S’il y a bien une chose qui est sûre, c’est que le temps des œuvres d’art n’est pas le temps des hommes. Les relations qu’entretiennent entre elles les œuvres se fichent bien des dates, des géographies et des cultures. Le monde où elles échangent, se fécondent et se répondent les unes aux autres est un monde à part qui se situe sur un plan d’existence qui n’est pas le nôtre. Nous, simples mortels, pouvons seulement participer en esprit à leurs vies en enquêtant sur les liens intimes qu’elles partagent discrètement dans notre dos. Tout se passe en fait comme si elles menaient une double vie. La première, officielle, est connue de tout le monde. Elle se calcule en année de création, en prix de vente, en technique utilisé, en lieux d’expositions. La seconde, officieuse, est celle où, à l’abri des regards indiscrets, elles « couchent » entre elles sans souci du qu’en dira-t-on. « Pour vivre heureux, vivons cachés », dit un célèbre adage corse…
La visite des deux expositions de peinture Paul Gauguin (1948-1903) et Peter Doig (né en 1959) à la Fondation Beyeler, à Bâle, m’a récemment permis de mener l’enquête sur l’un des ces petits ménages qu’aiment à former en secret certaines œuvres d’art. Le fait qu’il s’agisse de deux peintures très célèbres n’enlevant rien - au contraire ! - au plaisir d’exposer au grand jour leurs frasques picturales. Il s’agit pour Gauguin du tableau « Pape moe : Source mystérieuse – Eau mystérieuse » peint en 1893 à Tahiti et, pour Peter Doig, de « Pelican (Stag) » peint 110 ans plus tard, en 2003, sur une autre île : Trinidad et Tobago.
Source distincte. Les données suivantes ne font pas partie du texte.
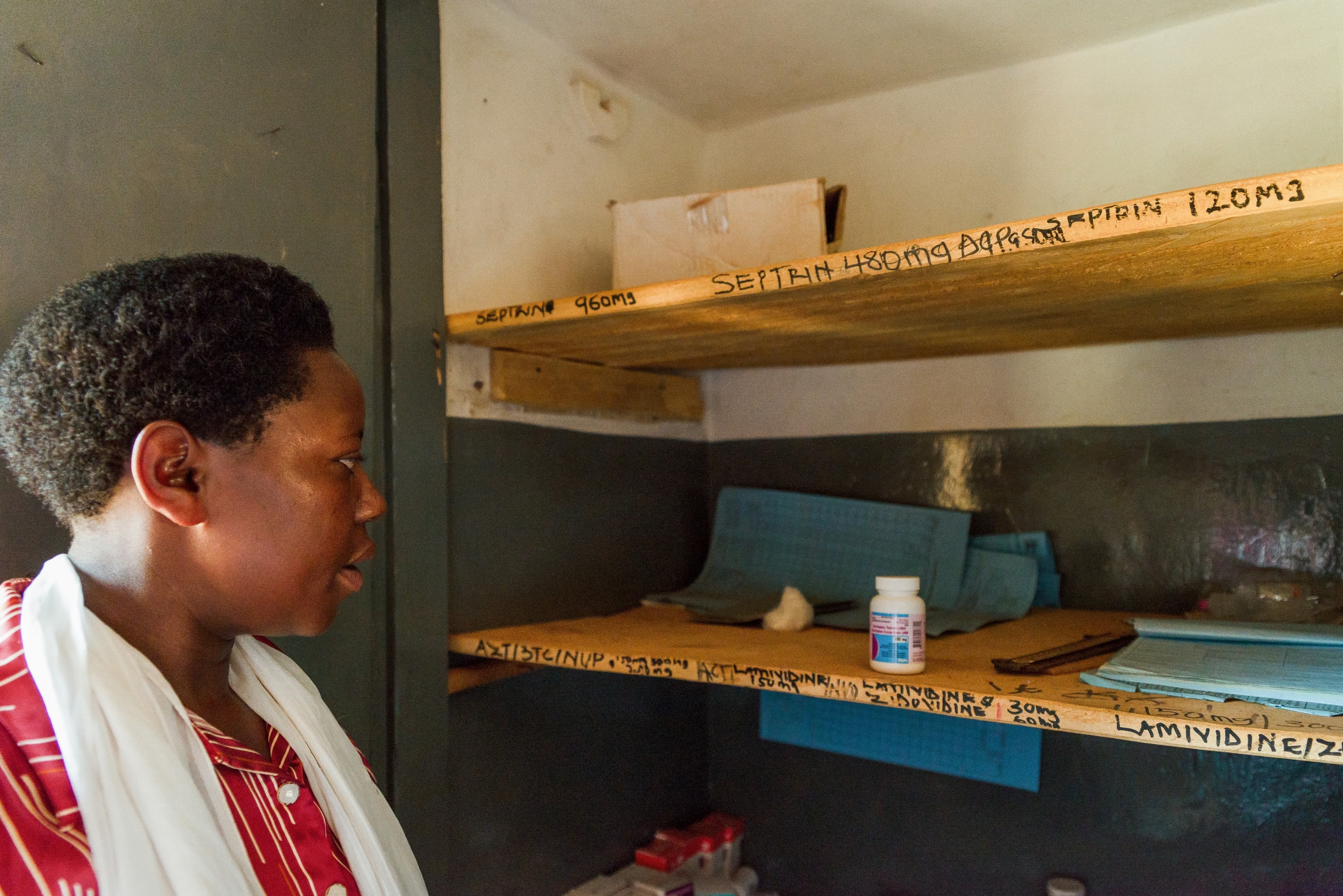 very little medicine on a shelf in a Ugandan clinic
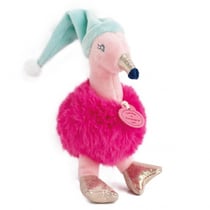 Mini peluche boule Flamant Rose - 15 cm - Doudou et compagnie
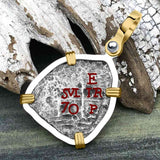 1670 Consolacion Shipwreck Pirate Era Spanish 1 Reale Piece of Eight 14K Gold & Sterling Silver Pendant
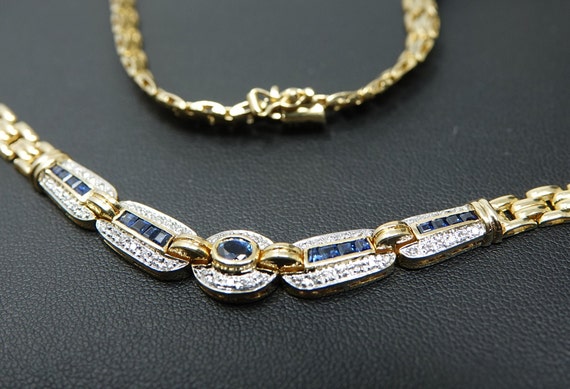 17" 18K Yellow Gold Necklace with Sapphires and D… - image 3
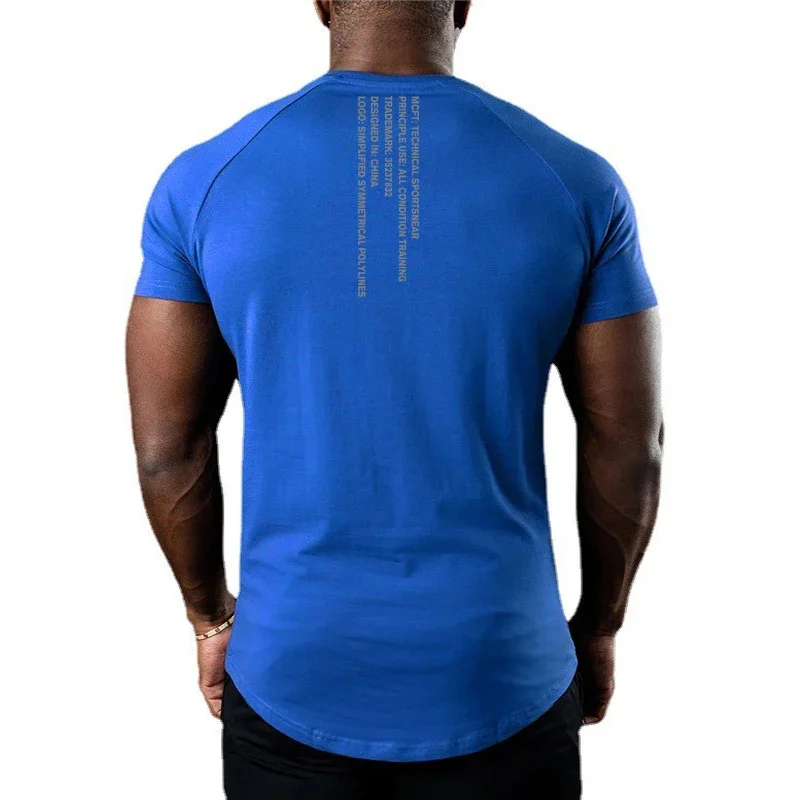 Back Neck Letter-printed Running T-shirt Summer GYM Half Sleeve Men\'s Fitness Workout Muscle Short Sleeve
Ces deux peintures, dont la première représente une Tahitienne s’abreuvant à une source d’eau fraîche, et la seconde un homme blanc marchant devant une cascade, n’ont en apparence rien à faire ensemble. D’un côté une fringante, belle et affairée jeune femme qui ne nous voit pas. De l’autre un homme errant, au physique décati et dont les yeux vides regardent ailleurs… Mais vers où, justement, regardent-ils ? Ne serait-ce pas justement en direction de cette jeune Tahitienne, à 110 ans de distance?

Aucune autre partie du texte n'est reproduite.